From the rise in eating disorders in under-10s (“Is it neurotic parents coming forward imagining something is wrong? The answer is no”), to gender dysphoria to battles over eating vegetables, the book scans the gamut of experience. As we walk through the Waverley cemetery, where rows of sun-bleached angels and headstones are frozen in a march off the sandstone cliffs, Swan stops regularly when making a point.

“Anxiety is the dominant thing, and the question is: why? There’s a Nobel prize in the answer to that,” he says.

“It’s easy to blame screens and social media. And it’s possible that the use of screens and social media by parents – forget about children for the moment – increases their anxiety.”

Evidence is not definitive, he says, and it is possible that curating screen content, talking to children about what they are viewing as one would talk about a book, is not harmful. But still he adopts the public health precautionary principle: “How long do you wait to have proof that something is harmful before you do anything about it?”

If there is a suspicion that something like unrestricted screen access might do harm – even if it’s a low level of harm to a large number of children – and there is no harm in removing that perceived danger, then “remove it”, he says. “And I can’t find any evidence of harm [from] not giving a child a mobile phone until they’re 13.”

But while he has clung to the evidence and had his individual chapters reviewed by subject specialists, there is something a little more ancient, a little more instinctive and perhaps a lot more difficult that he introduces also. Amid the science and sociology, Swan describes the Yiddish term nachas; the glow of pride that one takes in their children’s happiness and achievements.

The parents I know, I say, are too stretched to take a moment for nachas or, sometimes, to even find the joy in their children. “[I’ll] tell you what I think – it’s not in the book,” he says, his sigh barely audible above the birdsong. “I think it’s about time.

“We are time poor, and the way to get through a lot of that is actually to sit in the moment,” he says. “This is as hard a time as ever before to be a parent; if you live in a city like Sydney or Melbourne, both parents have got to be working full-time, are exhausted by the end of the day and you just don’t have time to reflect.”

It is during this time to reflect, the time to settle into the moment with one’s children, he thinks – those loose, unscheduled moments – that nachas can squeeze through the cracks.

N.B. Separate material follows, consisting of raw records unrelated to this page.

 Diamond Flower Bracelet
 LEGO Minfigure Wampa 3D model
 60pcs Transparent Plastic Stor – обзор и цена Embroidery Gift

“I just think it’s very hard for parents to make that time. It’s just … transactional – you’ve got to get dinner on the table, you’ve got to get them bathed, you’ve got to get them to bed, you’ve got to read to them. And there’s just not that space.

“And I don’t have an easy solution for that. I think that’s why you feel pressed, and sometimes just don’t have the time to get to that nachas point.”

Lately, Swan has been making time. His children are all over the world. They are adults, with their own lives, their own successes. But he has been creating blocks of five days or so when they all come together. “You just have that time.”

It takes a day or two of being together for them all to fall into the rhythm of conversation, settle back into familiarity. But when that moment passes, he feels it. “And they feel it too, actually. They feel it too.”